There appeared to be some momentum in the agricultural market, and the potential for feed crop prices to increase in the early part of the US growing season, said James Mintert, director of the Center for Commercial Agriculture, during the 2018 Fall Crop Outlook webinar from Purdue University’s Center for Commercial Agriculture.
However, the imposition of tariffs and good growing weather dampened some of those prospects, he said.
Thursday's [September 13] webinar focused on some of the implications for feed crop production, tariffs influence and potential marketing.
The supply and demand fundamentals for US corn present a potentially positive picture, said Chris Hurt, professor in the department of agricultural economics at Purdue during the webinar. “We export half the soybeans in this country – exports are a big deal – [with] corn we export 14% of our corn, exports aren’t nearly as important,” he added.

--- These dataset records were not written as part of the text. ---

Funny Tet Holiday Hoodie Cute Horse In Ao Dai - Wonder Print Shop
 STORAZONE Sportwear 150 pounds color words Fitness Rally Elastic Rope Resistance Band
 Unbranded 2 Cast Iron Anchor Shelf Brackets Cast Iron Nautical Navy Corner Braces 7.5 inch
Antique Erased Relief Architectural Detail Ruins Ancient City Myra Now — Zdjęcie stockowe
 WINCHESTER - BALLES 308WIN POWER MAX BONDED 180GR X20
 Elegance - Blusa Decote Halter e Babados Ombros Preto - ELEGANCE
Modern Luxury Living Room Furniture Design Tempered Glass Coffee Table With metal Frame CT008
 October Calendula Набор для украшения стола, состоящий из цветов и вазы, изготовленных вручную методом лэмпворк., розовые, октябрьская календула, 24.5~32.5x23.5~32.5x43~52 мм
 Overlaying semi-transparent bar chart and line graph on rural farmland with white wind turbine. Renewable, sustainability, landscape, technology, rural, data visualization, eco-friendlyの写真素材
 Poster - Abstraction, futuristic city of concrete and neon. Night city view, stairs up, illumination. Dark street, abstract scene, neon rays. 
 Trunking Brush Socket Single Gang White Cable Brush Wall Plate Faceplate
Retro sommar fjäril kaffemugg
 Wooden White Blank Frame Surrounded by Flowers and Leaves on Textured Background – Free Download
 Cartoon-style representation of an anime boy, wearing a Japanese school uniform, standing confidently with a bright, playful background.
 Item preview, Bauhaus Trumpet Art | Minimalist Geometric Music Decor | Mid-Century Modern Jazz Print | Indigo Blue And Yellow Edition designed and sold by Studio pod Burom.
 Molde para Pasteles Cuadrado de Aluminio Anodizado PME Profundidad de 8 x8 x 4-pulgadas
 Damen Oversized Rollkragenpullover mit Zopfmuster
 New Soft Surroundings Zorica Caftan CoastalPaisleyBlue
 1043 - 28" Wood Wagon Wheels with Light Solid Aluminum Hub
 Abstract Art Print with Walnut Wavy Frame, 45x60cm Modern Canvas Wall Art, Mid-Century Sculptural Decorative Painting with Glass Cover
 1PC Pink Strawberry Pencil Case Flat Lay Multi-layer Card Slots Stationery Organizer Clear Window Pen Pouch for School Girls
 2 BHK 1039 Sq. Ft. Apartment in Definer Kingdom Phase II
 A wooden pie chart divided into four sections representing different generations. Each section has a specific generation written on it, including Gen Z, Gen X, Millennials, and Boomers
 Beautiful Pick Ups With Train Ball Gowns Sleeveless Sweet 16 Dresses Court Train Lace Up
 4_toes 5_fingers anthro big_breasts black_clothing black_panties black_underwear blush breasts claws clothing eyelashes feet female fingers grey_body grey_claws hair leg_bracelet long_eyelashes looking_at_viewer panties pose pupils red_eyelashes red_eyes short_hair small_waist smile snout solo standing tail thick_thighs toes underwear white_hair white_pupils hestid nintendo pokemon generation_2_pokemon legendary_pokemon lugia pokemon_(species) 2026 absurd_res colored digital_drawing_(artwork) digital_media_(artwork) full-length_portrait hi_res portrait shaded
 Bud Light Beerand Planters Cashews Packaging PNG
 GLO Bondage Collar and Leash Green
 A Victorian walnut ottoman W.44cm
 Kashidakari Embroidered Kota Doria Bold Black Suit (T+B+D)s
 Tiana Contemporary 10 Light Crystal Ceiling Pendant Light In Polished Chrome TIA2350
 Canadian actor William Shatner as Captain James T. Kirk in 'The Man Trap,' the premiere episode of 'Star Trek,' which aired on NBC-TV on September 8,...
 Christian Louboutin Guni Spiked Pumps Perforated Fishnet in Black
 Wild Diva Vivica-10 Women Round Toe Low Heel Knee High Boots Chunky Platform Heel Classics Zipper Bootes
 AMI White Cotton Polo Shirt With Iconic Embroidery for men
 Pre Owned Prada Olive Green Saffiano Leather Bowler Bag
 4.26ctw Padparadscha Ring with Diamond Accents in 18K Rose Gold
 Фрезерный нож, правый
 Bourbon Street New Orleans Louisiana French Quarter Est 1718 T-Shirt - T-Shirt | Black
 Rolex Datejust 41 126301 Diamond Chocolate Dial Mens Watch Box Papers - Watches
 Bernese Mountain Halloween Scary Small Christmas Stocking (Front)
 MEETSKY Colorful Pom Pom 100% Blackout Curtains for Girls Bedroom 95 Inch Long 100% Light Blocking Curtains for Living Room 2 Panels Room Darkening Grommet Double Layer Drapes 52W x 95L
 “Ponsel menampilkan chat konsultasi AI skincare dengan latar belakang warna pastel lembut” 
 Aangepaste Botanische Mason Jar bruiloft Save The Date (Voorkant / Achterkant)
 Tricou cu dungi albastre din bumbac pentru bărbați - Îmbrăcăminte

However, the large soybean production presented more of a challenge, he said
“It’s not just a record crop, it’s a huge record crop,” he said. “We had heavy soybean acreage this year and then these tremendous yields and it is a bad year to have a huge crop when we’re limited in our ability to sell that with the tariffs we have with China.”
In addition to having record yields, US soybean production is expected to set a new record, said Mintert.
Currently, the US is looking at a large corn crop, said Hurt. “Of the last five years, we’ve had record [crops] four of those five years.”
This year’s production is not predicted to be a record, because of the acreage planted in corn, not because of yield per acre, he said. However, the demand predicts that much of the crop will be used.
“We’ll probably have record exports this year – we’re going to have a big crop, and we’ve seen South America shift heavily to soybeans so we’re going to have a really good export season on corn this year,” Hurt said. “We have a sound foundation at this point to talk about a strong possibility that we’ve made our lows and retested them yesterday on future markets.”
Tariffs, sales and soybeans
Earlier in 2018, there were indications that soybeans would be an opportunity for feed crop producers, said Hurt. “I remember during the winter saying that … there’s a keyword keyword to catch before you go to plant and it’s soybeans,” he added.
“It’s come back to haunt us,” he said. “Something came along and has not provided the opportunities we thought were going to be there with soybeans – that’s the tariffs.”
The expansion of soybean production was supported by the continued annual growth in imports by China, he said. “That now becomes a problem,” he added.
“Exports are down from last year, again this is the concern over the tariffs with China, but we have to say the export number is a fluid number,” he said. “We don’t have sound basis for operating in a world with 25% tariffs to China – we’ll sell more soybeans to Europe and we’ll sell more soybeans into countries in Africa and to non-Chinese Asian countries, but is that going to be enough to compensate for the loss of China?”
“The thought is no,” he added. “The tariffs really do change the dynamics of trade flow on soybeans.”
However, there also are some questions regarding what could happen if the trade disputes with China were resolved, said Mintert. An analysis of soybean exports to China by month for the last two marketing years provides an interesting picture.
China buys soybeans from the US strategically, or when they tend to be lower in price, said Hurt. Looking at past sales and exports, the first part of the marketing year from September through December tended to see the largest sales.
“We were sell or shipping to China 300m bushels of soybeans a month in October and November – that’s about the total production of Indiana – that was the amount we were selling to China per month in that peak time period at harvest time,” he said. “This is when China buys the beans. If you add December, that’s 800m bushels in October, November and December in 2016.”
Sales were strong in January and started to fade in February, he said. “We sell about 92% of all the beans we’re going to ship to China in the first half of the marketing year,” he added.
“If we’ve settled tomorrow the trade differences with China we’ve already missed probably a substantial portion of getting the vessels scheduled in to load these beans that are expected to be in West Coast ports and in New Orleans and Gulf ports in the next 30 or 60 days,” Hurt said. “We’ve already missed that and we’re certainly not going to settle tomorrow the trade disputes with China.”
There also appears to be evidence that there could be a long-term escalation of the trade conflict, he said. “We’ve already approved another $200bn of US tariffs on goods that China sends to us – that is approved and can be put into place any time, and then the Trump admin has another $267bn of additional tariffs they’re talking about,” he added.
If the trade tension continues into the autumn the concern increases, added Mintert. It also could continue to narrow the current range for soybean price toward the lower end.
Additionally, as soybeans are exported to other buyers like countries in Europe there may need to be a new series of logistics put in place, said Hurt. Previously, soybean logistics focused on shipping from the West Coast, which is the wrong side of the country for shipments going elsewhere.